The settlement will directly and immediately benefit the communities of color throughout the Greater Cleveland region and nationwide hit hardest by the foreclosure crisis and its aftermath.
FOR IMMEDIATE RELEASE
February 7, 2022,
Media Contact: Carrie Pleasants | 216-361-9240, x204 | firstname.lastname@example.org
Cleveland, OH — Today, the Housing Research & Advocacy Center dba Fair Housing Center for Rights & Research (The Fair Housing Center), along with the National Fair Housing Alliance (NFHA) and 19 other local fair housing organizations throughout the country, reached a landmark $53 million agreement with Fannie Mae (formally known as the Federal National Mortgage Association) to resolve a case arising from allegations that Fannie Mae treated foreclosed homes in communities of color unfavorably. The settlement will help rebuild and strengthen communities of color in 39 metropolitan areas including Greater Cleveland. In the case, The Fair Housing Center and the other plaintiffs alleged that Fannie Mae maintained and marketed its foreclosed homes in predominantly White neighborhoods while allowing similar homes in communities of color to fall into disrepair and this differential treatment exacerbated the damage caused by the 2008 mortgage crisis and impeded recovery from the crisis in neighborhoods of color. The case was the first time a federal court confirmed the nation’s fair housing laws cover the maintenance and marketing of Real Estate Owned (REO) properties.
“Cleveland was at the epicenter of the foreclosure crisis in the United States, a crisis that was exacerbated by the failure to maintain and market REO properties in communities of color in a nondiscriminatory manner. Fannie Mae’s settlement will provide much-needed relief to some of the hardest hit neighborhoods within our community,” stated Fair Housing Center Executive Director, Carrie Pleasants.
The plaintiffs’ 2016 allegations against Fannie Mae arose after a comprehensive, four-year investigation of more than 2,300 Fannie Mae-owned foreclosed properties in 39 metropolitan areas in the country. Of those properties, 50 were located in Greater Cleveland.

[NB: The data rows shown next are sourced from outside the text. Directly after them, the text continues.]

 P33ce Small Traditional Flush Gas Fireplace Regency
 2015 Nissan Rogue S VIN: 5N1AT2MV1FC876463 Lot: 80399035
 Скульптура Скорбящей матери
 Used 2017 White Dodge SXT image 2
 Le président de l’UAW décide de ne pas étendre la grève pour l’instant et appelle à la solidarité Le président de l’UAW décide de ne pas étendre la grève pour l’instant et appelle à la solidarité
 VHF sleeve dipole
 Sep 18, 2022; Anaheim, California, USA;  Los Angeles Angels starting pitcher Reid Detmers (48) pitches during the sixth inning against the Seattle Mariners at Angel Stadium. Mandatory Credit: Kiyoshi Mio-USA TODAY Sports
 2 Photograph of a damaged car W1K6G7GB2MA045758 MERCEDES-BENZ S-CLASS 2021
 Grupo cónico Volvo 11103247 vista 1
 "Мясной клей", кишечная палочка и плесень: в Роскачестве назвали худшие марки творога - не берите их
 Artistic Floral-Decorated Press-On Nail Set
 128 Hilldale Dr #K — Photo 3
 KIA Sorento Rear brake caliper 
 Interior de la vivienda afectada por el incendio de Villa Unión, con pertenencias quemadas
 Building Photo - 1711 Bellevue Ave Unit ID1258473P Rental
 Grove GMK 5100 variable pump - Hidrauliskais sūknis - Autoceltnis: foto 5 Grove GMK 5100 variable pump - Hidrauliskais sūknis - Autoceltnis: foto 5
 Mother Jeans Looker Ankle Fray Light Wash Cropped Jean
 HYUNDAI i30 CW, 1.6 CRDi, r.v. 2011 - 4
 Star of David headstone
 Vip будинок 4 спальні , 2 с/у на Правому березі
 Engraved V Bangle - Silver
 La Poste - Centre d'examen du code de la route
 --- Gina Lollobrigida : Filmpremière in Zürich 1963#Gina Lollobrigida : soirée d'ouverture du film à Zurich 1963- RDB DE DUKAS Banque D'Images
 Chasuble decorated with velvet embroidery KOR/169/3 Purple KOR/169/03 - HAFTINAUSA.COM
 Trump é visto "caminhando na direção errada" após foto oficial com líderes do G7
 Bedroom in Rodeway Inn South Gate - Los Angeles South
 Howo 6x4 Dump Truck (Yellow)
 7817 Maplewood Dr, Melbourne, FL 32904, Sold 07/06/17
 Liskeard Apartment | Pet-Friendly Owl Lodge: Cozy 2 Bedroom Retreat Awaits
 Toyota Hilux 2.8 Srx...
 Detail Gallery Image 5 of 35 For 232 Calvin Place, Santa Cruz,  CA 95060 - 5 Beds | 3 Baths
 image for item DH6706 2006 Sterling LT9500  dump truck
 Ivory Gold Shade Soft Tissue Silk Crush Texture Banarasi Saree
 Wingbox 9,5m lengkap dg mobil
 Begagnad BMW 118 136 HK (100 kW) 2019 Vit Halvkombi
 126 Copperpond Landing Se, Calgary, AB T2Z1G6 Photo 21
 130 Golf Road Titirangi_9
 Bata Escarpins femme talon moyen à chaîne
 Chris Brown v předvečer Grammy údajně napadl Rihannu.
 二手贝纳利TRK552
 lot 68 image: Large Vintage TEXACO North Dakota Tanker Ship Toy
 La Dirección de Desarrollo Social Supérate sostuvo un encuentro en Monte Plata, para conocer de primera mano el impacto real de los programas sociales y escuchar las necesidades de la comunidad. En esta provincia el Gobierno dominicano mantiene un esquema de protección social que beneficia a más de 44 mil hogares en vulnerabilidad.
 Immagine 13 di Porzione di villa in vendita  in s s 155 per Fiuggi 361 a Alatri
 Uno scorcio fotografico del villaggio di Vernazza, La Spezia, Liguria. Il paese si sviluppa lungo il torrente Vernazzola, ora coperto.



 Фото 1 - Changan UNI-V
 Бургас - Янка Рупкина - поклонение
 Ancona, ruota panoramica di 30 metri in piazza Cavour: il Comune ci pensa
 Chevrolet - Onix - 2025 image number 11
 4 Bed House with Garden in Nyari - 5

The plaintiffs collected more than 49,000 photographs revealing poorly maintained properties in Black and Latino communities, particularly as compared to properties in predominantly White neighborhoods.
Today’s agreement has far-reaching implications. The Fair Housing Center and the other plaintiffs will invest the vast majority of the settlement monies directly back into the communities they allege were harmed by Fannie Mae’s conduct. Specifically, plaintiff organizations will use over $35 million of the settlement to promote home ownership, neighborhood stabilization, access to credit, property rehabilitation, and residential development in the 39 metropolitan areas at issue in the case, including the Greater Cleveland area. The plaintiffs will manage and disburse the settlement funds, providing much-needed grants, including for down-payment assistance for first-generation homebuyers and renovations for homes that languished in foreclosure. The grants will also include innovative programs and partnerships to promote fair housing.
Fannie Mae implemented practices that will help avoid similar harmful treatment of communities of color in the future, including increasing its oversight of maintenance of properties it owns, prioritizing owner-occupants rather than investors as purchasers of REOs, and ensuring that it complies with fair housing laws, including by providing fair housing training to its employees and vendors.
The Fair Housing Center and the other fair housing groups are represented by noted civil rights law firms Relman Colfax PLLC and Dane Law LLC. The organizations were also represented by Morgan Williams, NFHA’s General Counsel, and Julia Howard-Gibbon, Supervising Attorney of Fair Housing Advocates of Northern California.
Fair Housing Center for Rights & Research is a 501(c)(3) nonprofit organization established in 1983 whose mission is to protect fair housing rights, eliminate housing discrimination, and promote integrated communities.